Books I would guess have been written about it.
Most Efficient is probably a sloop but there are many factors that make a sailboat efficient - fast.
There are many other pieces to the puzzle. I have a ketch and like it. I am not a racer and, among other things, like the esthetics and the ability to substantially reef by dropping the main. Many of these rigs were developed and produced depending on some racing rules and or local conditions. And don''t forget square rigs which work real well going downwind. 
Todd V


----------



## Jeff_H (Feb 26, 2000)

This is a fairly complex question to answer in a meaningful way. The following is a very long answer, which I wrote for another venue. It does compare and explain the various rigs. (It is something like 7 pages long so you may want to print it out.)

Cutter and Sloop rig

Today these terms are used quite loosely as compared to their more traditional definitions. Traditionally the sloop rig was a rig with a single mast located forward of 50% of the length of the sailplan. In this traditional definition a sloop could have multiple jibs. Cutters had a rig with a single mast located 50% of the length of the sailplan or further aft, multiple headsails and reefing bowsprit. Somewhere in the 1950''s or 1960''s there was a shift in these definitions such that a sloop only flew one headsail and a cutter had multiple headsails and mast position became irrelevant. For the sake of this discussion I assume we are discussing the modern definition of a sloop and a cutter.

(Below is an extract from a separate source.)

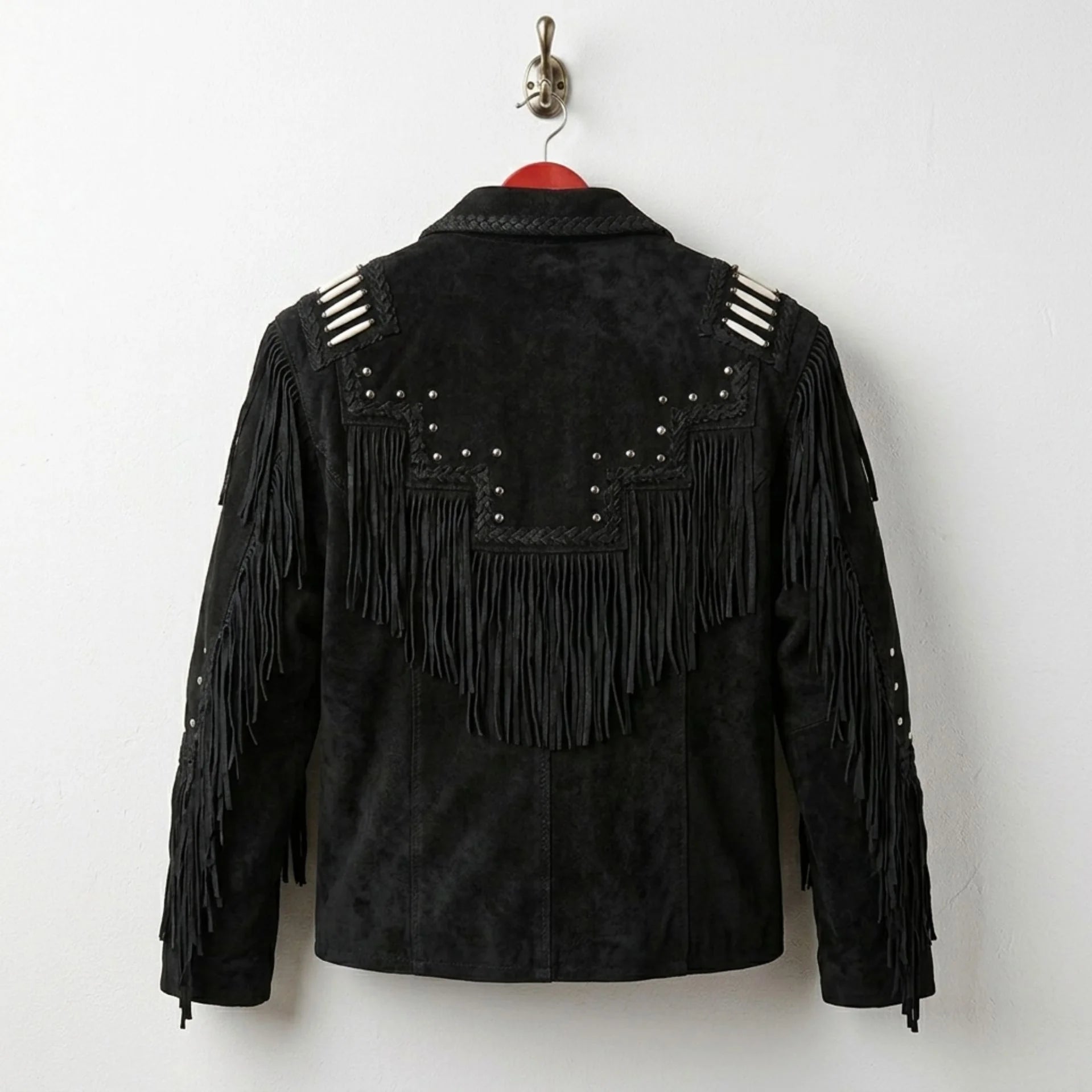 Back view of men's black suede western jacket with long fringe and studs.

Historically, when sail handling hardware was primitive and sails were far more stretchy than they are today, the smaller headsails and mainsail of a traditional cutter were easier to handle and with less sail stretch, allowed earlier cutters to be more weatherly (sail closer to the wind) than the sloops of the day. With the invention of lower stretch sailcloth and geared winches, cutters quickly lost their earlier advantage. 

Today sloops are generally closer winded and easier to handle. Their smaller jibs and larger mainsail sailplan are easier to power up and down. Without a jibstay to drag the Genoa across, sloops are generally easier to tack. With less hardware sloops are less expensive to build. 

Sloops come in a couple varieties, masthead and fractional. In a masthead rig the forestay and jib originates at the masthead. In a fractional rig, the forestay originated some fraction of the mast height down from the masthead. Historically, sloops were traditionally fractionally rigged. Fractional rigs tend to give the most drive per square foot of sail area. Their smaller jibs are easier to tack and they reef down to a snug masthead rig. Today they are often proportioned so that they do not need overlapping headsails, making them even easier to sail. One of the major advantages of a fractional rigs is the ability when combined with a flexible mast, is the ability to use the backstay to control mast bend. Increasing backstay tension does a lot of things on a fractional rig: it tensions the forestay flattening the jib, and induces mast bend, which flattens the mainsail and opens the leech of the sail. This allows quick depowering as the wind increases and allows a fractional rig to sail in a wider wind speed range than masthead rig without reefing, although arguably requiring a bit more sail trimming skills. 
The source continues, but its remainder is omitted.